** Opening SUPPLIED DATA block **

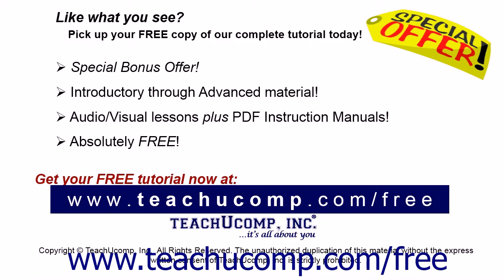Like what you see? Pick up your free copy of the complete tutorial at www.teachucomp.com forward slash free. Thank you.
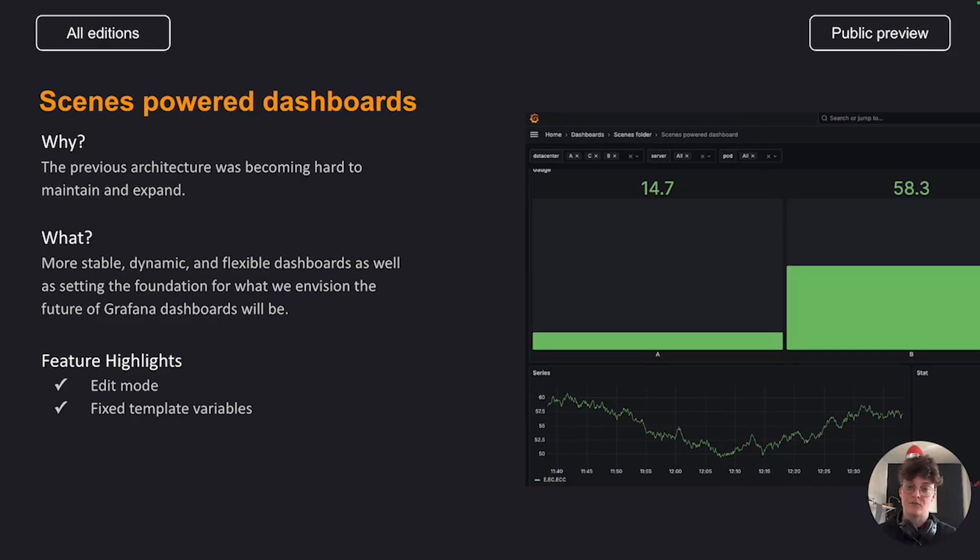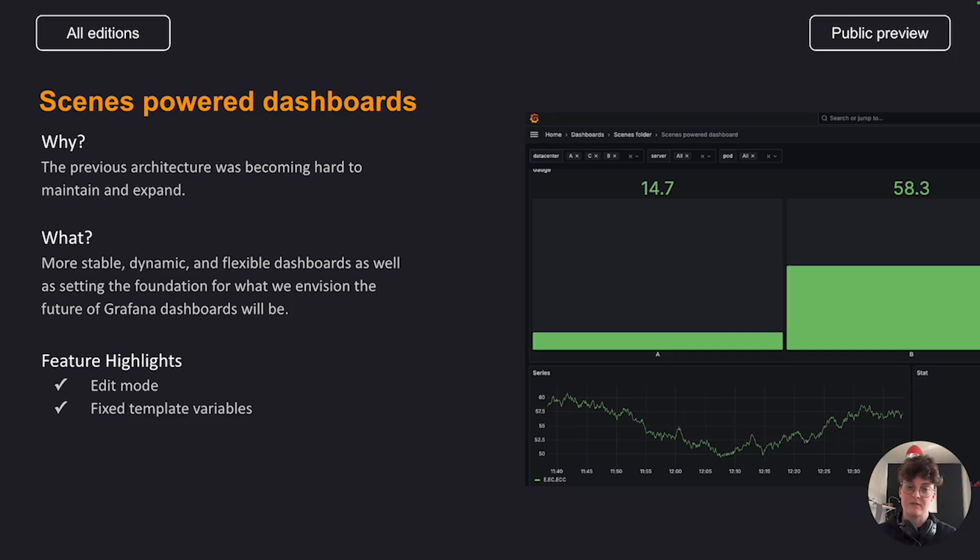For the past few months, we've been working on a major update to our Dashboards architecture, and we've now migrated it to the scenes library. This migration provides us with more stable, dynamic, and flexible dashboards, as well as setting the foundation for what we envision the future of Grafana Dashboards will be.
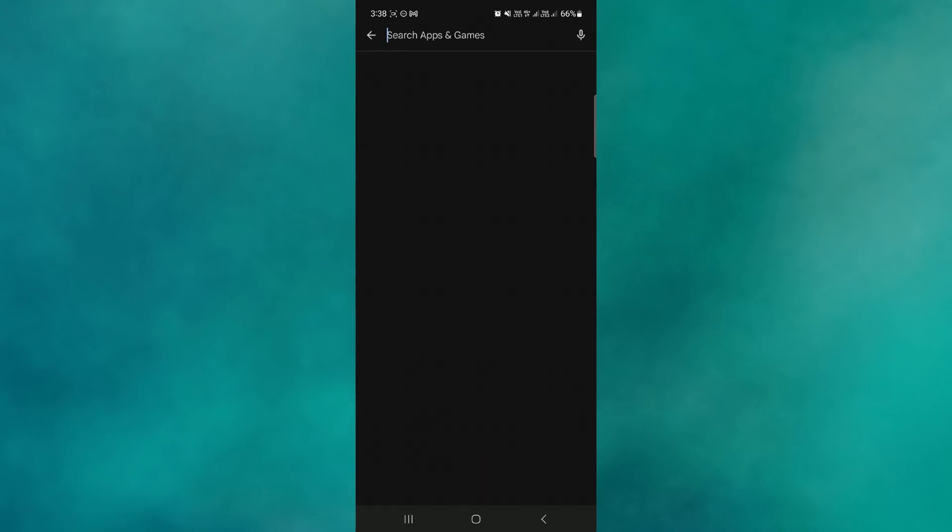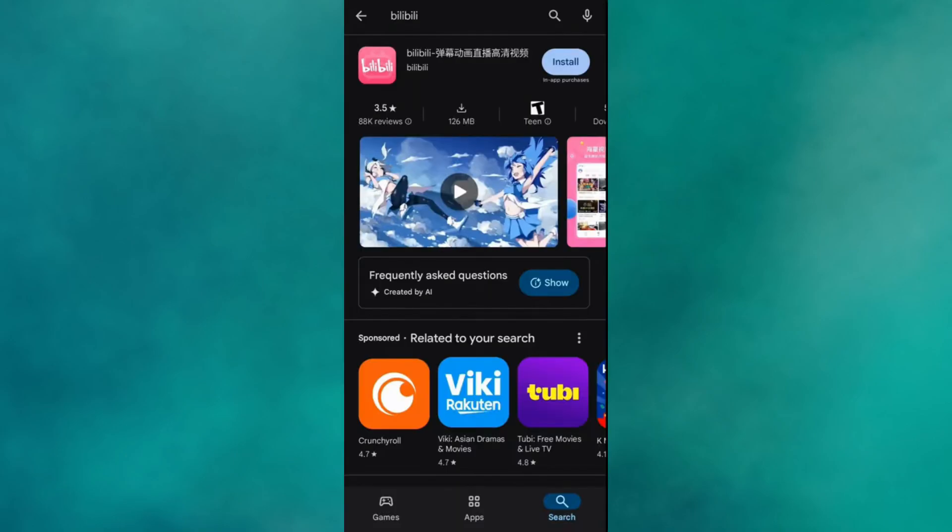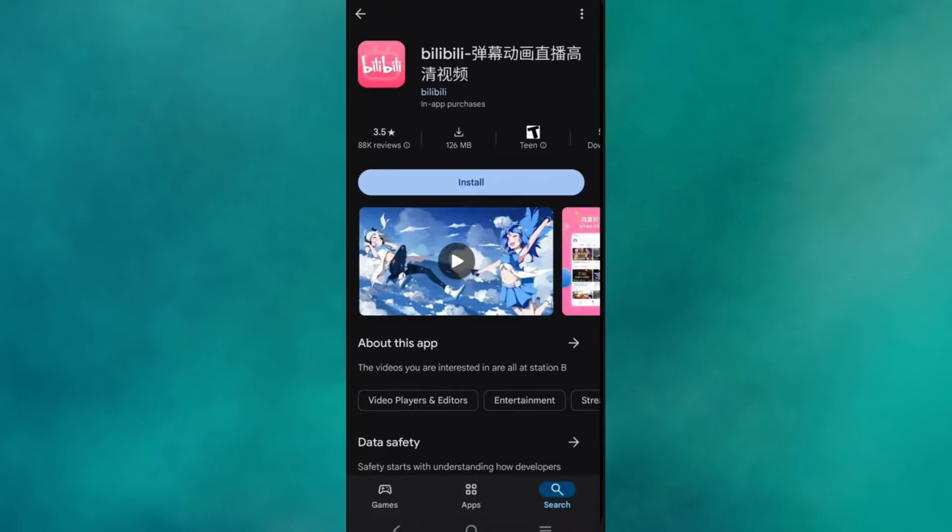Head over to your search bar and type Bilibili. Here at the top, you will find the Bilibili TV application. Click on Install.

** Closing SUPPLIED DATA block **

Write out exactly the lines between the start of the data and the line with "For the past", including both, but none of the pictures.

Like what you see? Pick up your free copy of the complete tutorial at www.teachucomp.com forward slash free. Thank you.
For the past few months, we've been working on a major update to our Dashboards architecture, and we've now migrated it to the scenes library. This migration provides us with more stable, dynamic, and flexible dashboards, as well as setting the foundation for what we envision the future of Grafana Dashboards will be.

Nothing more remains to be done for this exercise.